HOW DOES NAE FIT INTO THIS?
NAE is just one price on the list. If all prices are rising at a similar
offset rate, offsetting the falling value of money, then any price should do.
But that is certainly not the case right now and people would not trust just
any price anyway. What are the merits of using NAE?
Consider where spending comes from. It comes from earnings. Without
earnings there will be no spending. There will be no economy - no money-based
economy.
Spending goes to savings as well as to purchases, taxes, donations and
gifts. Spending rises within the nation when:
·
People have
more earnings to spend and they spend them
·
There is
more borrowing and
·
Savings
levels are falling and
·
Fewer
goods and services are being imported.
The level of spending can be rising, but it also undulates. Sometimes it
is rising faster and sometimes it is rising less quickly or it may be falling.
It is the people's right to choose how much to spend.
We can think of the National Average Earnings, or earnings per person.
We can think of National Average Spending, or spending per person. One
person or entity's spending is another person or entity's income.
If the population rises across all age ranges, there will be more
earners and more spenders. This may balance out. It may not, but largely we
might say, or hope, that it will balance out. Not so for an aging population,
so that must be noted.
But for now let us say that it balances out.
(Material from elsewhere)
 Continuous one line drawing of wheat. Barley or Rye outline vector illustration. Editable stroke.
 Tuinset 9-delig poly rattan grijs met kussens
We are thinking that what
people earn and what they earn in aggregate is, at the end of the day, or in
the long run, for a fairly stable population, what they spend.
Sometimes they spend more, sometimes they spend less, but overall, after
all of the undulations have worked their way through, what they earn is what
they spend. What they do not spend till later will, hopefully, not lose its
value by the time it gets spent. It will buy the same quantity of things as it
would have bought earlier. Not exactly. Nothing is perfect. But we are not
seeking perfection. We are seeking to reduce the chaos and to find ways in
which to do that.
An index, NAE may be a useful index to use in contracts to do with
savings and lending / borrowing and in pension funds and managed funds;
wherever value needs to be preserved or could be preserved to please the end
users it may be a useful index. Here are some more reasons:
THERE ARE MARKET FORCES LINKED TO NAE
When people can spend more because their earnings have increased, they
can spend more on rentals. This means that prospective renters, (on average),
seeking to rent 'that desirable property' have more purchasing power and so in
the competition which ensues, rentals will rise proportionately to the earnings
of that set of people and entities; foreign capital excepted. As rentals
increase property values rise proportionately - all else being equal.
With higher earnings and higher property values people can borrow proportionately
more. This means they can spend more and buy more expensive assets like
property.
When people can spend more and when they do, company turnover increases
effortlessly without the need to increase production. Profits rise
proportionately, the cost of hiring people and all other costs rise
proportionately. Dividends rise proportionately so as to avoid a take-over bid,
for example. At least, raising the dividends is an option. As profits rise it
is easier and necessary to raise rewards for employees to avoid losing
them. NAE rises proportionately. Full
circle - as long as there is enough new money being created, spending and
prices will all rise.
Then the entire economy 'floats on inflation'.
When all prices are able to adjust to the falling value of money and
there is greater harmony that we have now, NAE is not such a bad choice of
index to use. With a sustained high level of employment the supply-demand
function should not interfere too much. There are cycles though but the cycles
are cycles they are not trends. Over a cycle, NAE will probably average out as
a price which has a durable and practical use as an index which preserves the
value of what people have earned and saved and borrowed.
Its disadvantages are fairly few, and they are mostly related to
undulations in the level of spending, or long term demographic changes. These
vary the value which the index represents a little bit. And over a very long
terms with changing demographics and with almost everything you can think of
changing, it may prove to be less representative of value or the stake in the
economy which some person or entity had earned. If there is a better idea or a
better index, then readers should let us know. There is homework (written
essays to hand in) for that kind of thing.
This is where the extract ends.